Residual distribution under normality

Goals

  • Derive the exact sampling distribution of the residuals under Gaussianity
    • Find an unbiased estimate of \(\sigma^2\)
    • Prove consistency using the exact distribution
    • Prove independence of \(\sigmahat^2\) and \(\betahat\)

Setup

We have been studying the behavior of the OLS prediction interval

\[ \y_\new \in \left( \xv_\new^\trans \betahat - \z_\alpha \sigmahat, \xv_\new^\trans \betahat + \z_\alpha \sigmahat \right) \]

under the assumptions that

  • \(\y_n = \betav^\trans \x_n + \res_n\) for each \(n\) (including the new data) and some (unknown) \(\betav\)
  • \(\res_n \sim \gauss{0, \sigma^2}\), IID, for some unknown \(\sigma\)
  • \(\xv_n\) are non-random, \(\X\) is full-rank, and \(\meann \xv_n \xv_n^\trans \rightarrow \Xcov\) for positive definite \(\Xcov\)

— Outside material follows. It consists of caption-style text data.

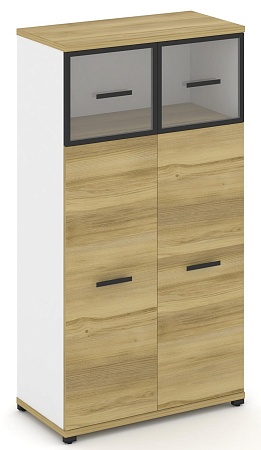 Шкаф две широкие секции, 4 ниши (2 фасада ЛДСП, 3 ниши + 2 фасада стекло прозрачное в раме, 1 ниша) CN.STS-414 RP B/W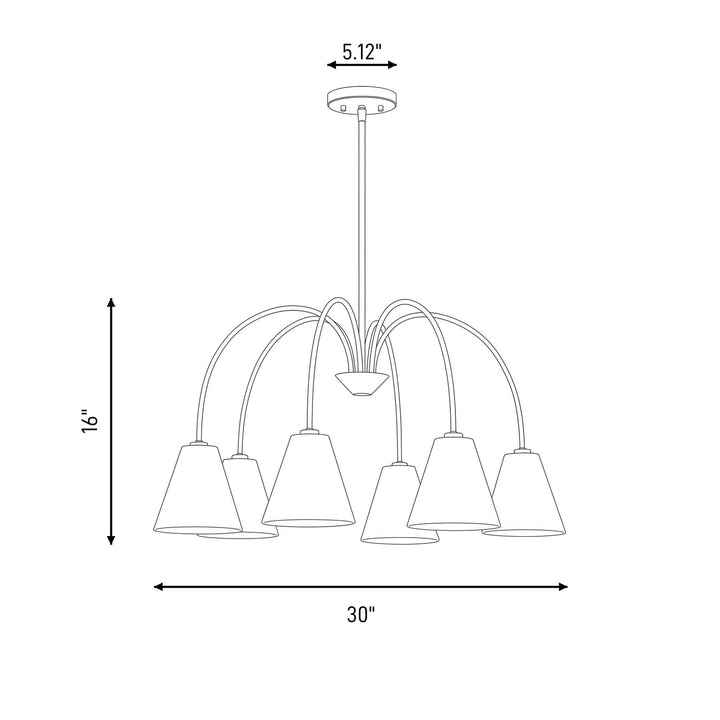 Meridian - M100138NB - Six Light Chandelier - Natural Brass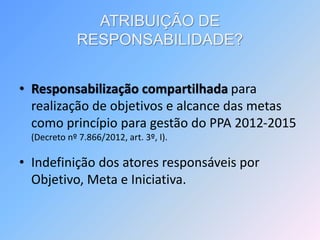 ATRIBUIÇÃO DE
RESPONSABILIDADE?
• Responsabilização compartilhada para
realização de objetivos e alcance das metas
como princípio para gestão do PPA 2012-2015
(Decreto nº 7.866/2012, art. 3º, I).
• Indefinição dos atores responsáveis por
Objetivo, Meta e Iniciativa.
 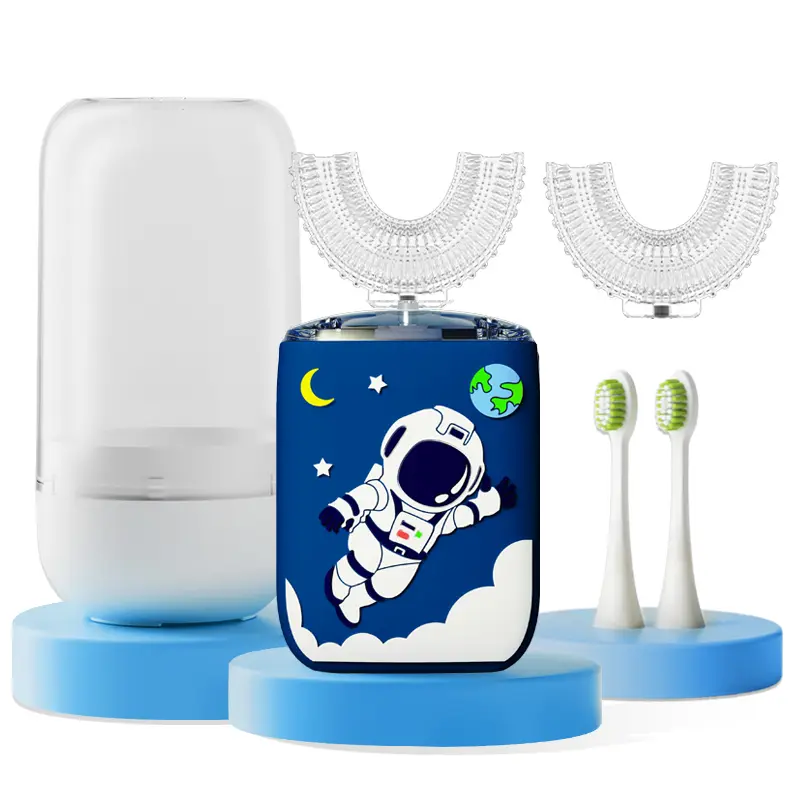 Kids U Shaped Electric Toothbrush with Cover Cup, 360° Sonic Toddler Toothbrush with 4 Replacement Heads (2 U-Shape, 2 Soft Bristle), Rechargeable Automatic Whole Mouth Toothbrush, Astronaut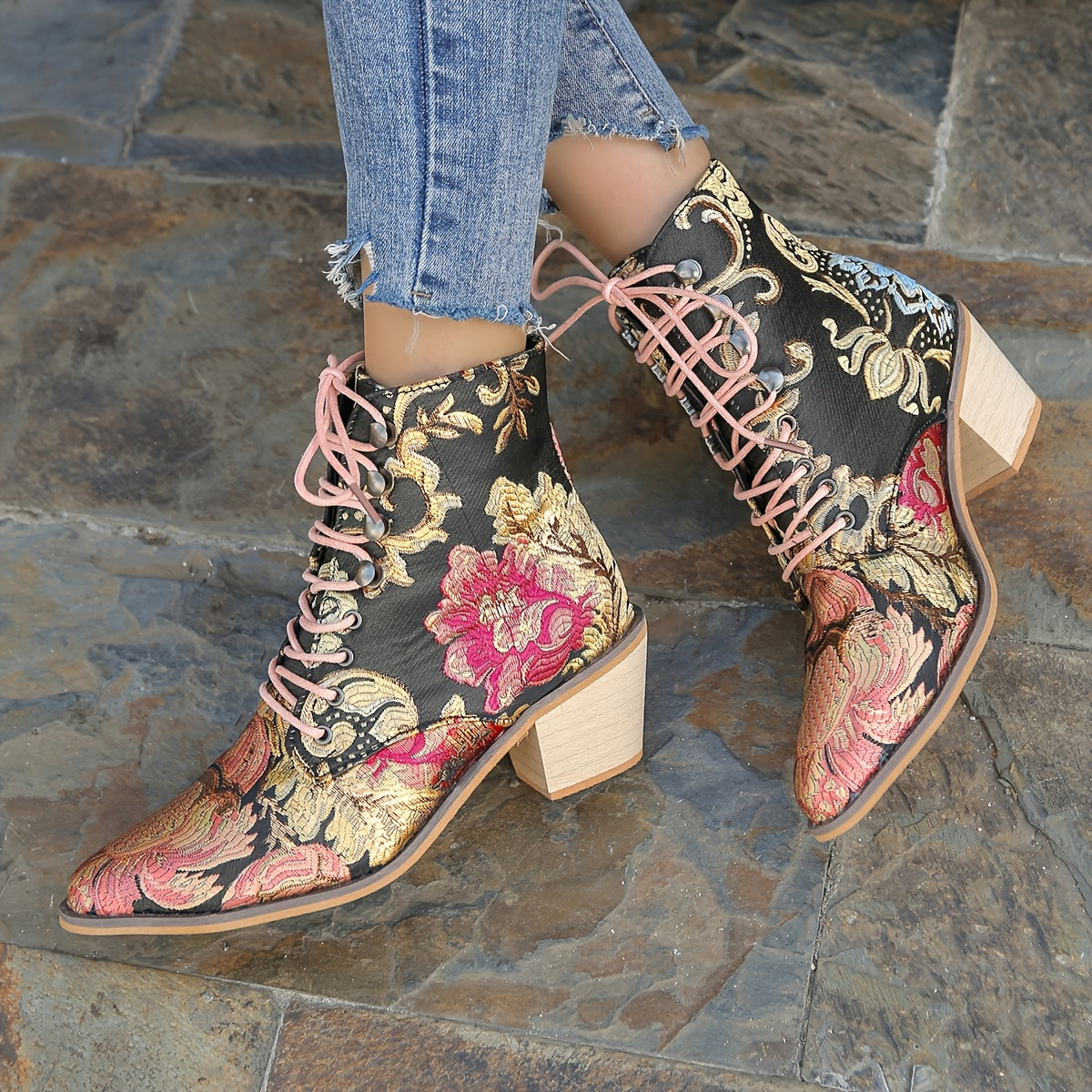 Vintage Floral Cowboy Boots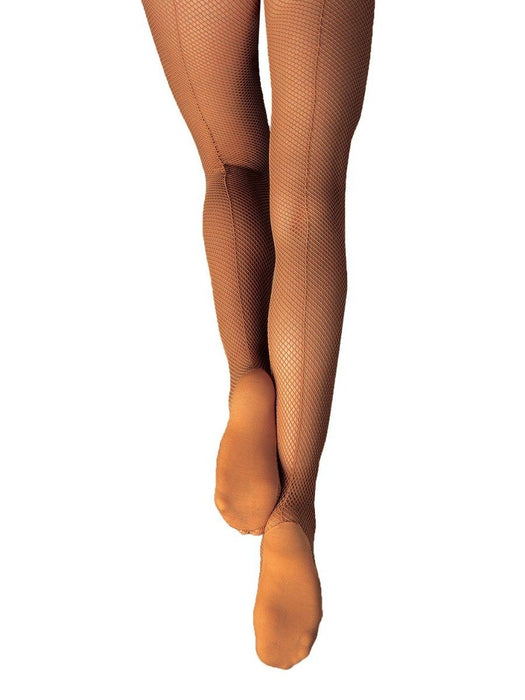 Capezio Professional Fishnet Tight with Seam - Brown - Front - Style:3400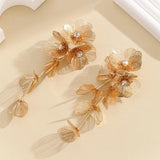 Bohemian Metallic Flower Tassel Fishtail Rose Earrings Golden Wedding Earrings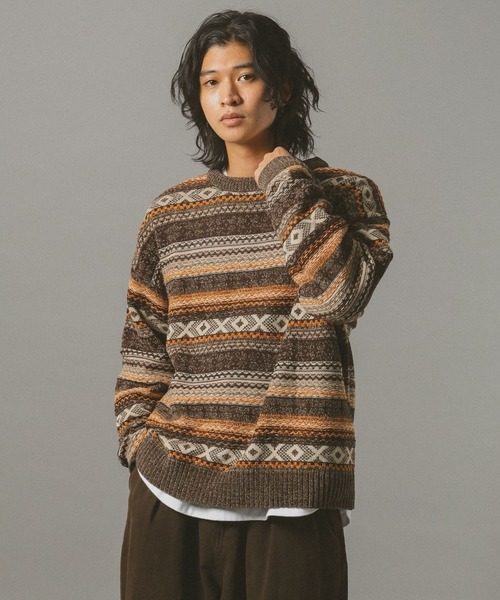 RAGEBLUE（レイジブルー）の「FAIR ISLE PATTERN MALL KNIT CREW / フェアアイル/モールニットクルー（ニット/セーター・メンズ・オフホワイト/ブラック/ネイビー/ダークブラウン・MEDIUM/LARGE/SMALL）」の19枚目の写真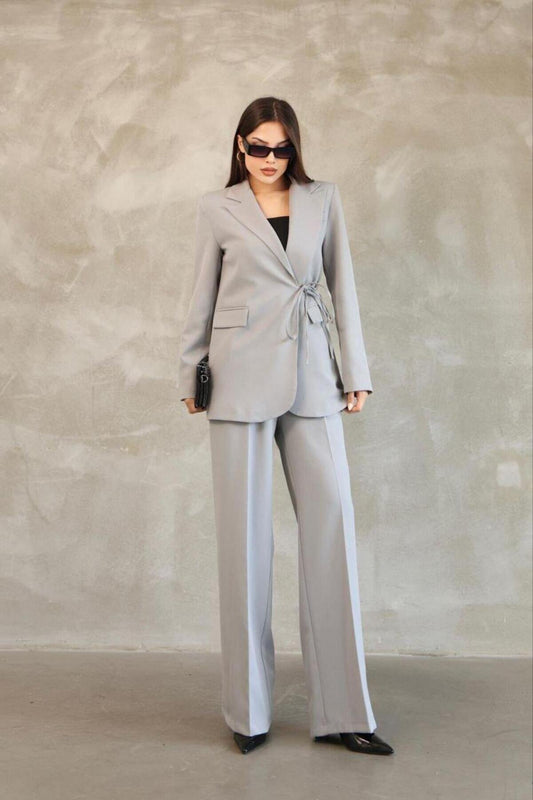 Blazer Side-Tie Jacket - Gray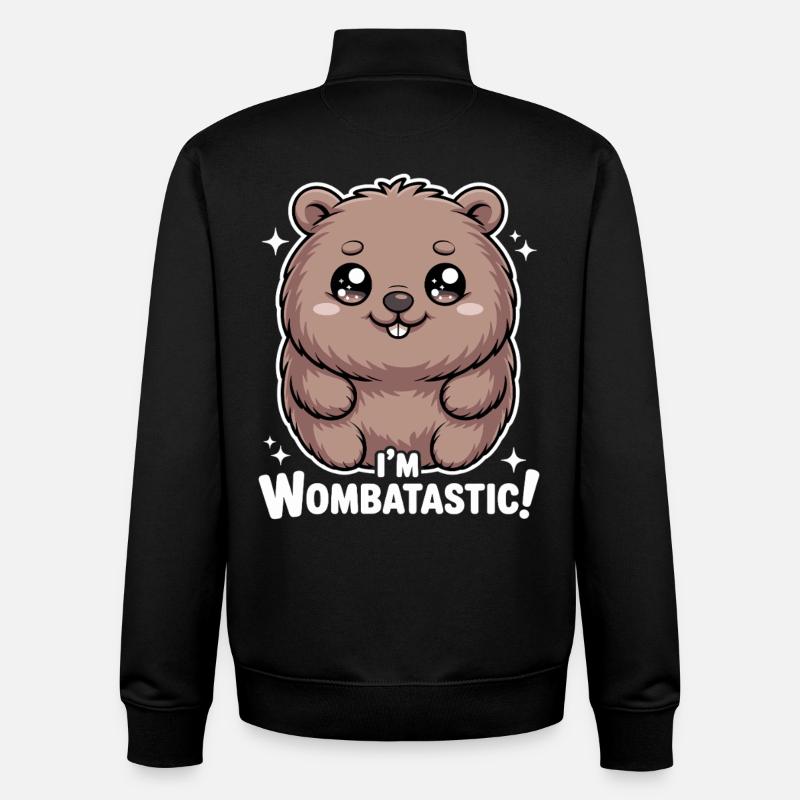 Cute Wombat I'm Wombatastic - Unisex Organic Zip Sweatshirt by Stanley/Stella - black
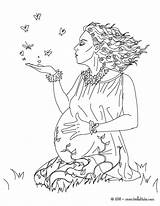 Gaia Goddess Greek Coloring Earth Pages Color Mother Mythology Pregnant Hellokids Book Desenho Print Da sketch template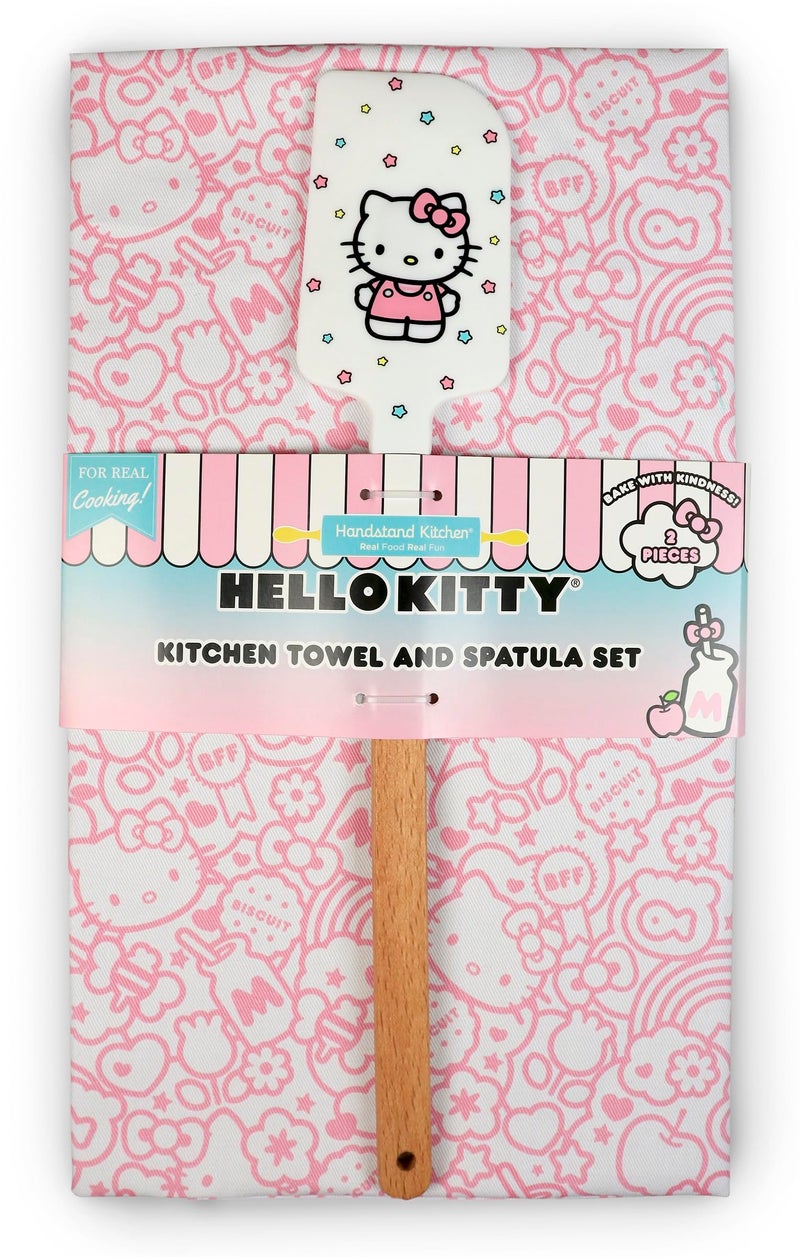 Handstand Kitchen Hello Kitty Sweet BFF Print Cotton Kitchen Towel and Spatula Set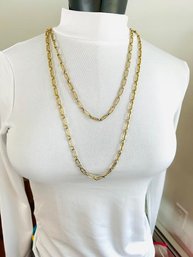 Vintage Monet Necklace Extra Long 54' Paperclip Chain Layering Gold Tone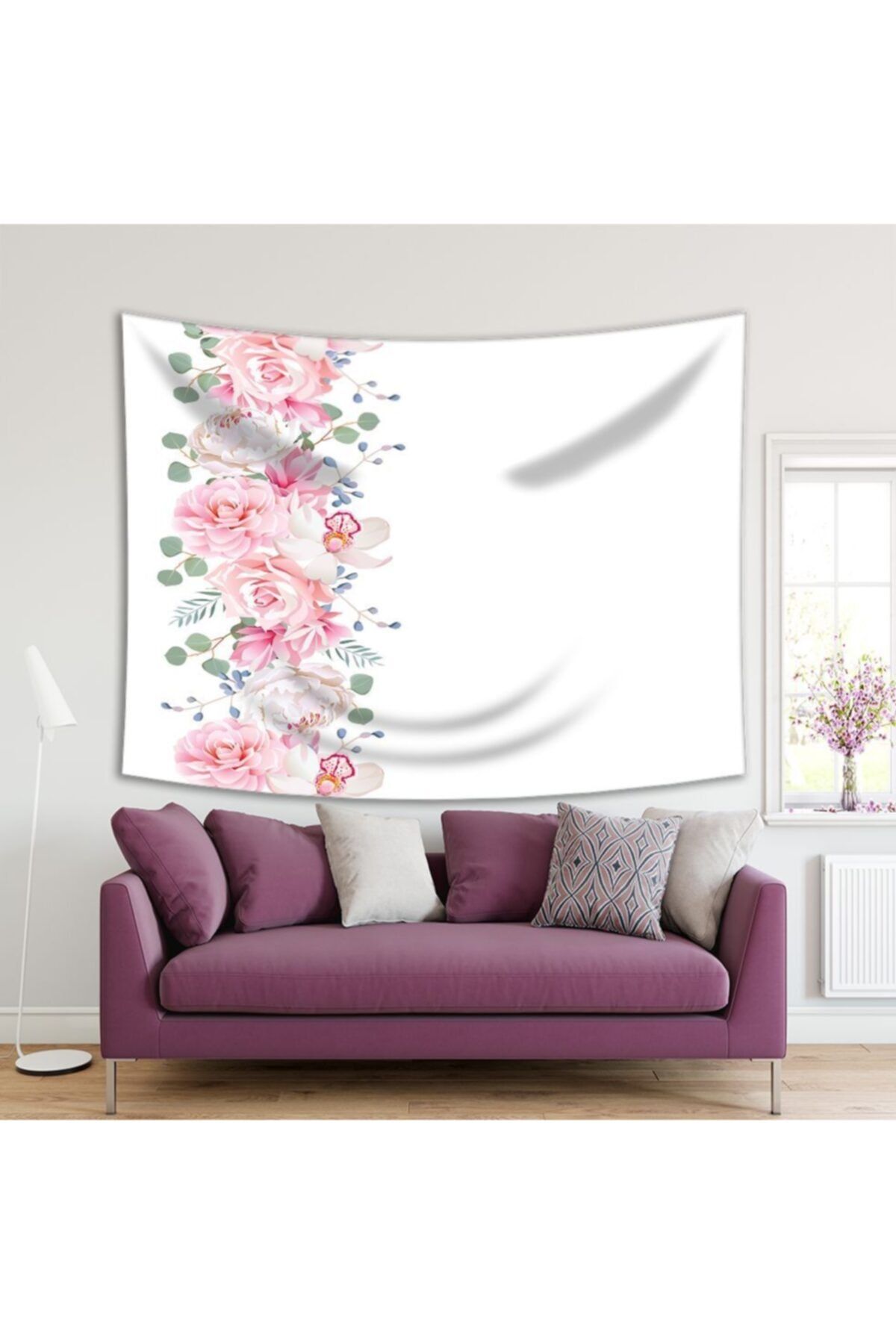 Henge Home Baskılı Duvar Örtüsü Okaliptüs Yaprak Gül Desenli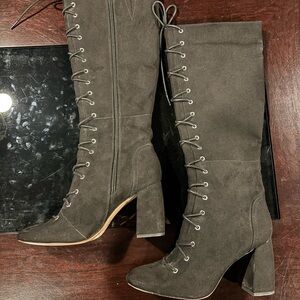 Women's Lace-Up Knee-High Boots - Black Size 9.5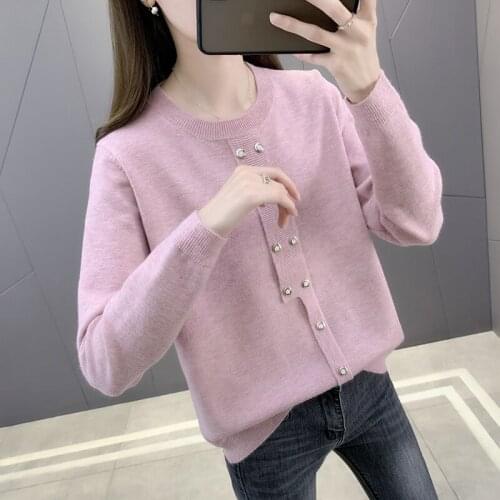 41 M area right 】 7744 film - sets the double-breasted round collar knitting 53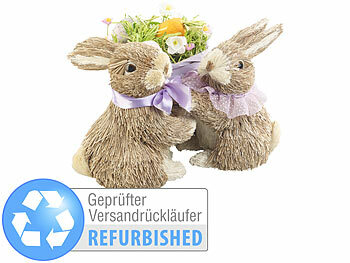 Osterhasendeko: infactory Deko-Osterhasen-Pärchen mit Ostereier-Korb,Versandrückläufer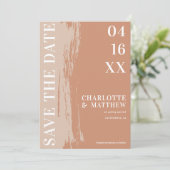 Moderne gedurfde redder de datum van de terracotta save the date (Staand voorkant)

Using these assumptions, we’ve proved:

Method Estimating \(\beta\) Estimating \(\sigma^2\)
Normality \(\betahat \sim \gauss{\beta, \sigma^2 (\X^\trans \X)^{-1}}\) ?
LLN \(\betahat = (\X^\trans \X)^{-1} \X^\trans \Y \rightarrow \beta\) \(\sigmahat^2 = \meann \reshat_n^2 = \meann \res_n^2 + \textrm{(stuff)} \cdot (\betahat - \beta) \rightarrow \sigma^2\)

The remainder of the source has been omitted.